***** DATA PROVIDED *****

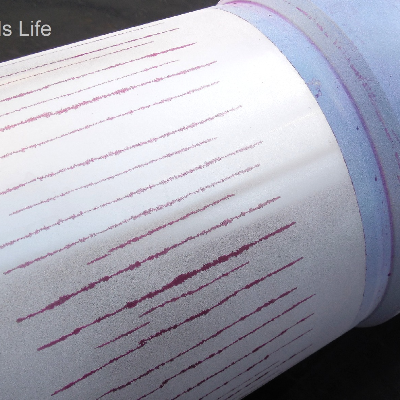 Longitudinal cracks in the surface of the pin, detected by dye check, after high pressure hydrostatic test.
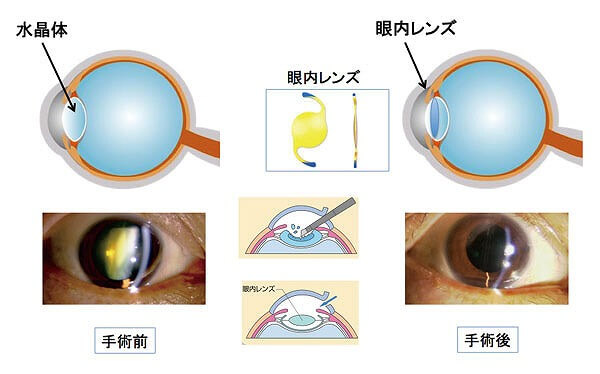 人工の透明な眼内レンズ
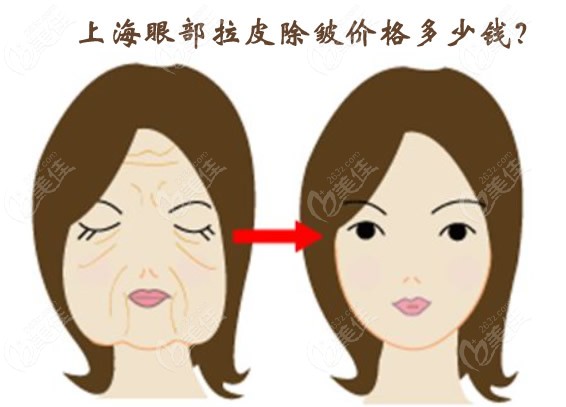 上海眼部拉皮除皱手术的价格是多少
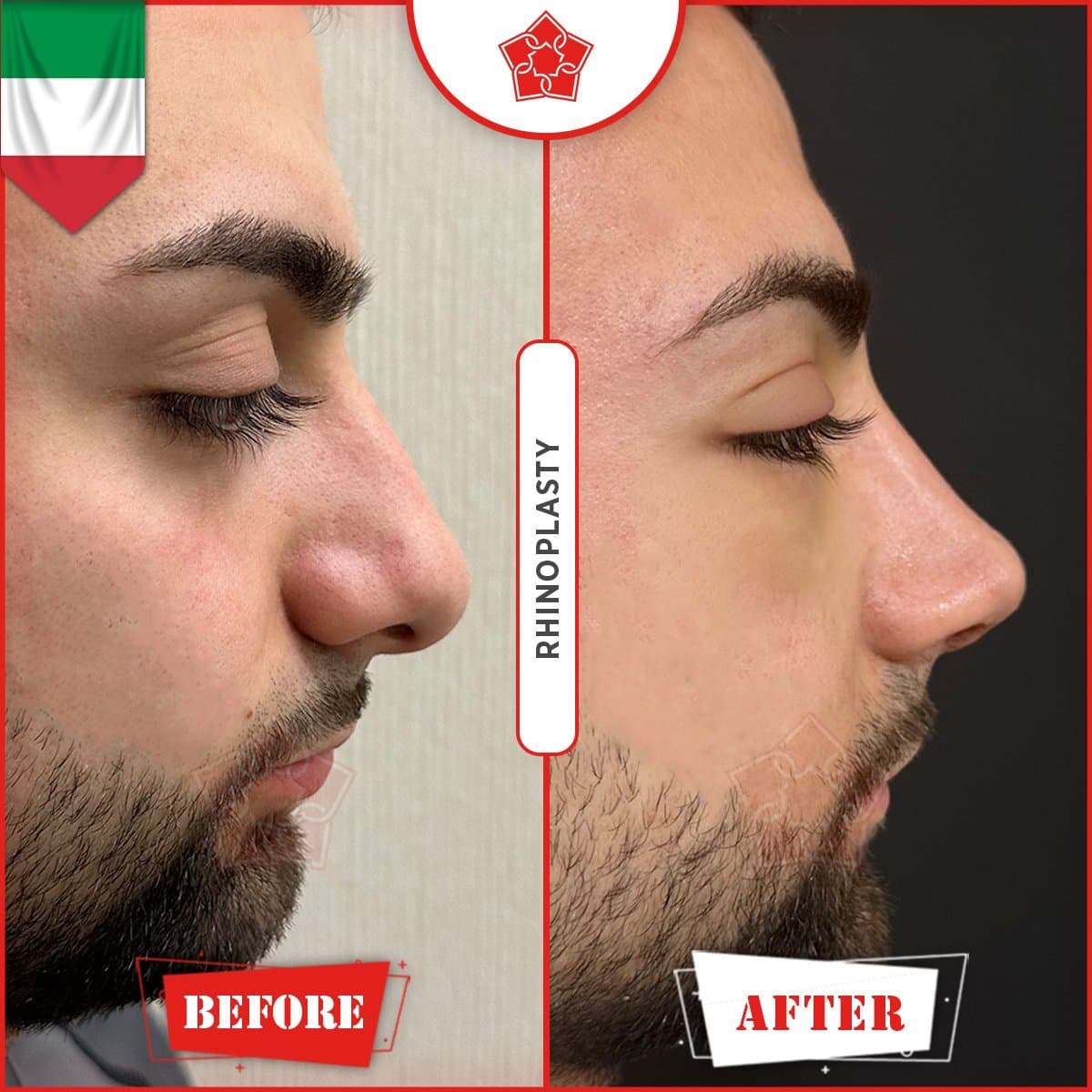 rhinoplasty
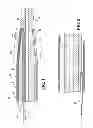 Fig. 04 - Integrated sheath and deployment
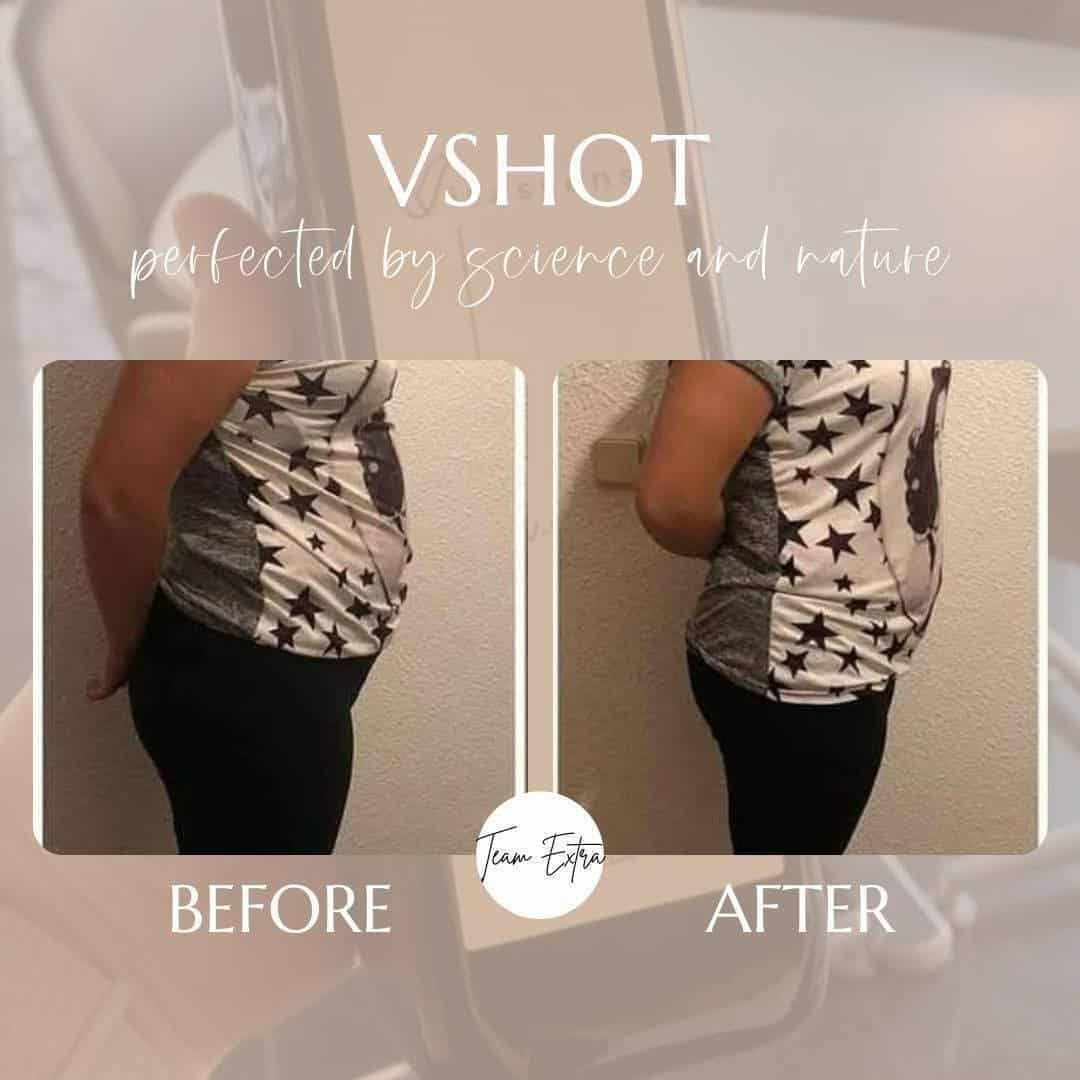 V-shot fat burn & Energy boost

*****
***** DATA PROVIDED *****

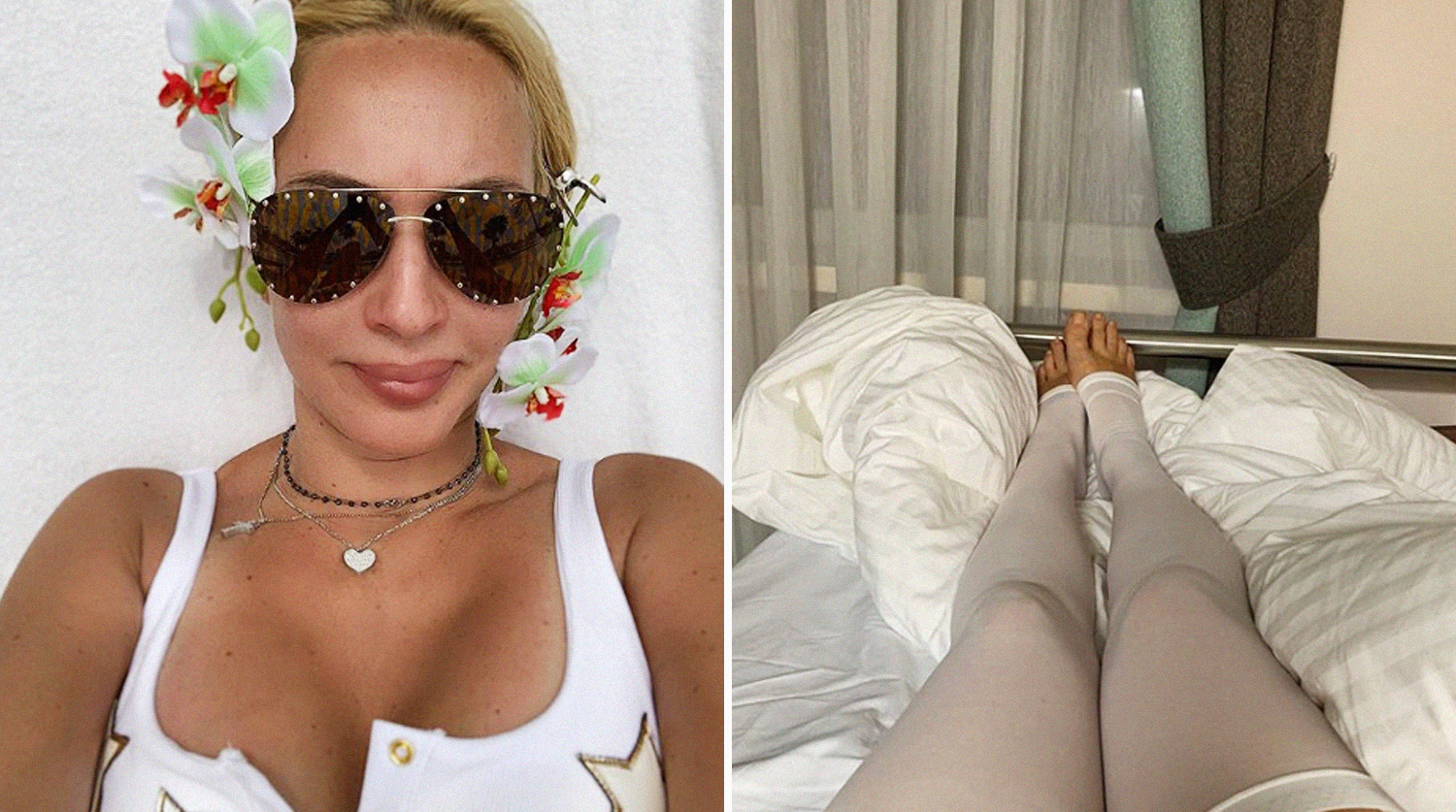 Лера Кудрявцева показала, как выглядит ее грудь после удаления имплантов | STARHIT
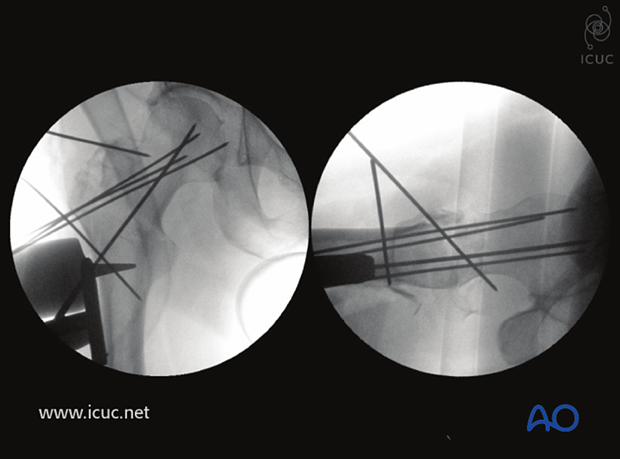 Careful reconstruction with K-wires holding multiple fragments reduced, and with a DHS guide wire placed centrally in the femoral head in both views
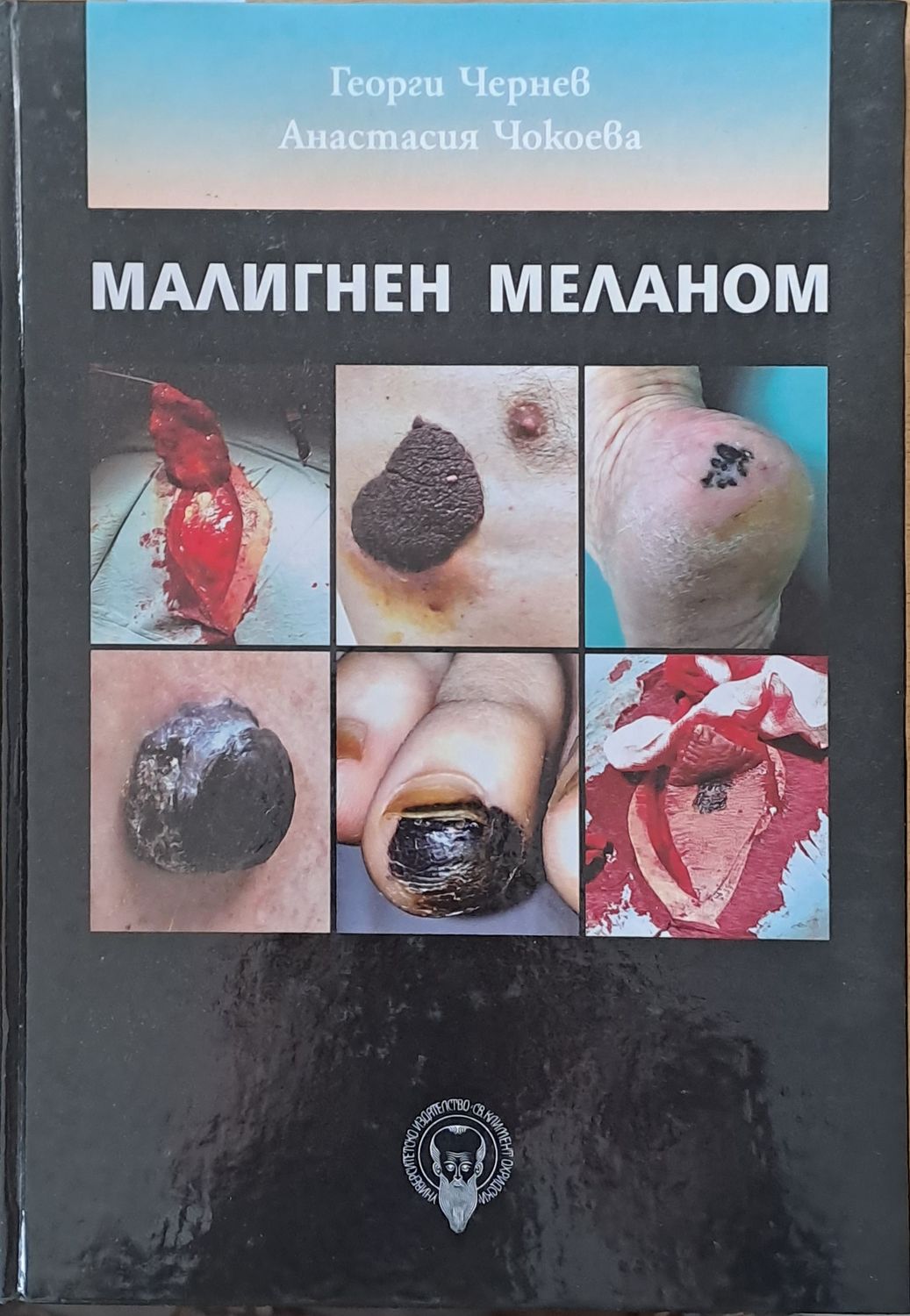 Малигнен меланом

*****

| ABOUT THIS TASK |
Nothing except the lines from the one containing "rhinoplasty" through the one containing "V-shot fat burn & Energy boost" should appear in the answer, exactly as above and without pictures.

| SOLUTION BELOW |
 rhinoplasty
 Fig. 04 - Integrated sheath and deployment
 V-shot fat burn & Energy boost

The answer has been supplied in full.